***** Supplied information *****
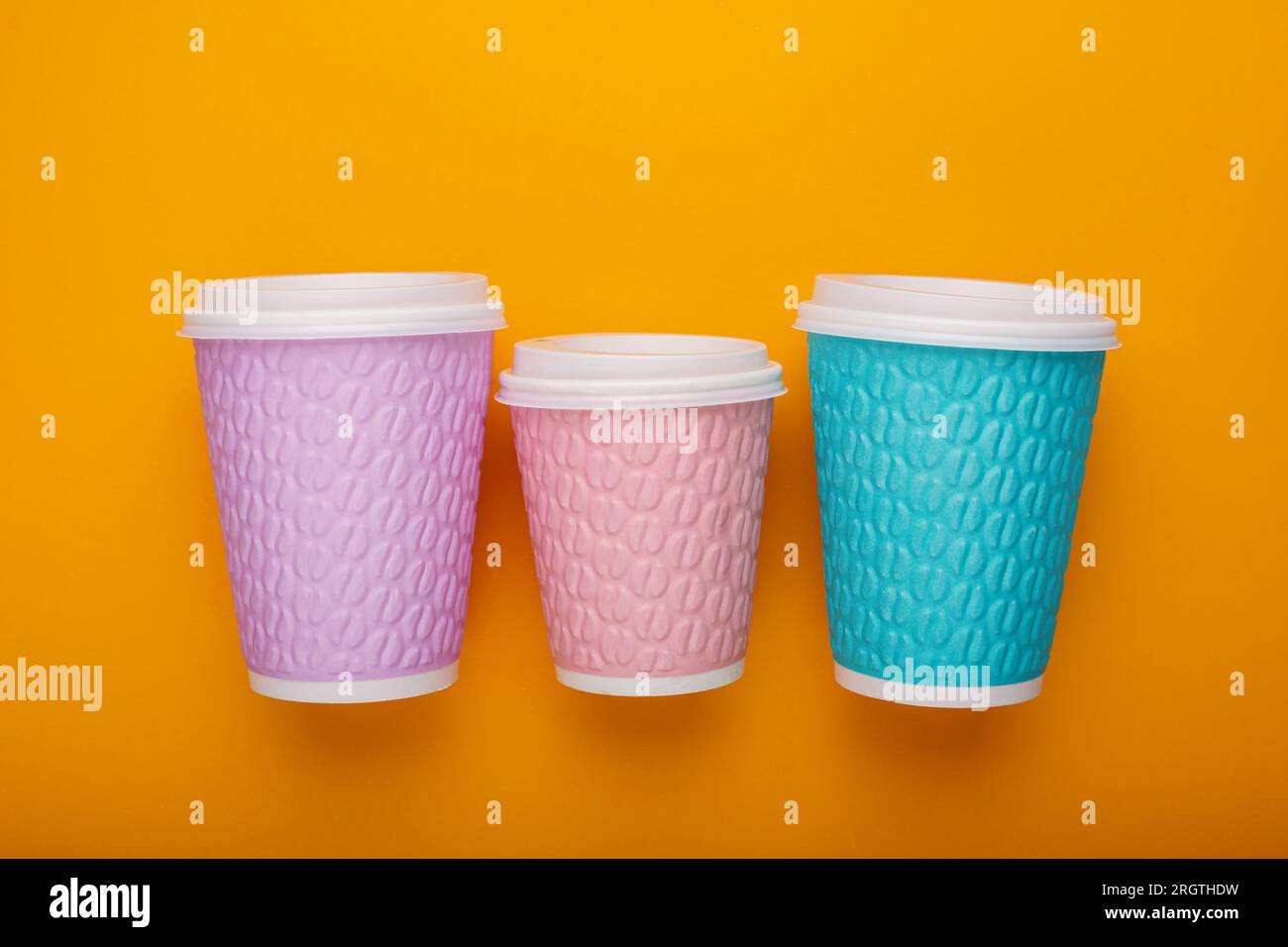 Colored cardboard coffee cups on a bright background Stock Photo Alamy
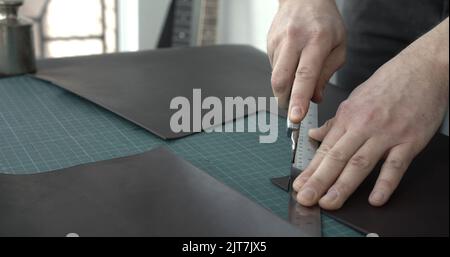 Working process of crafting a new handmade leather wallet in the leather workshop. Man's hands working with knife and iron ruler. Stock Photo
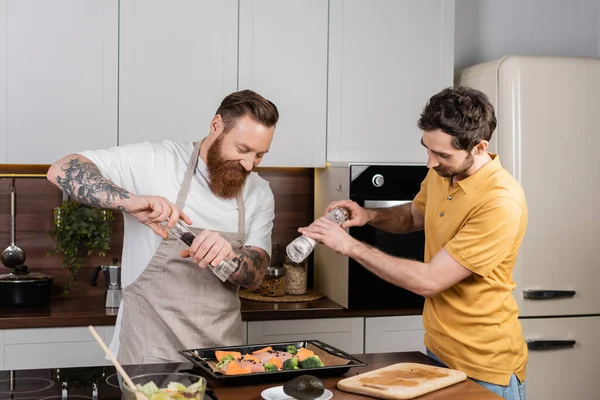 Smiling gay couple seasoning chicken fillet and vegetables on baking sheet in kitchen - foto de stock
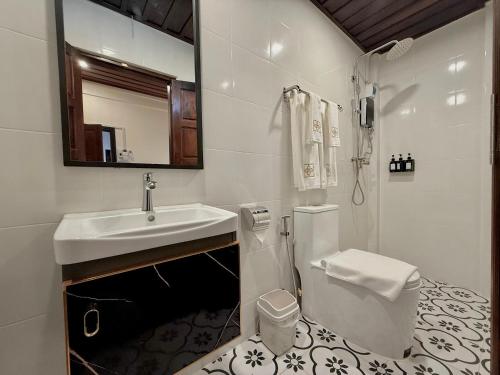 a white bathroom with a sink and a toilet at Onson De Boutique Hotel in Luang Prabang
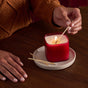 A person in a brown sweater lights a Grove Co. Candles 9.5oz - Fall Collection candle, made with upcycled ingredients, on a white plate with matches on a wooden table.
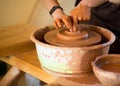 Man potter work with clay ware. Young man potter on his workshop with nature background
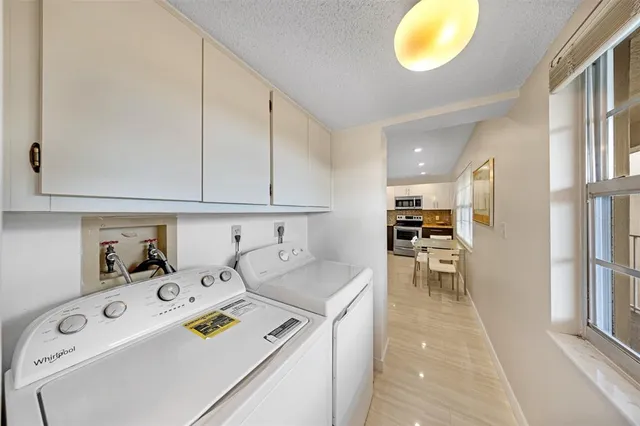 a view of a patio with a table and chairs and potted plants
*****
== About this exercise ==
Your task is to restate word for word the lines from the top of the data to the line containing "Working process of", both ends included, with every picture left out.

== Response below ==
 Colored cardboard coffee cups on a bright background Stock Photo Alamy
 Working process of crafting a new handmade leather wallet in the leather workshop. Man's hands working with knife and iron ruler. Stock Photo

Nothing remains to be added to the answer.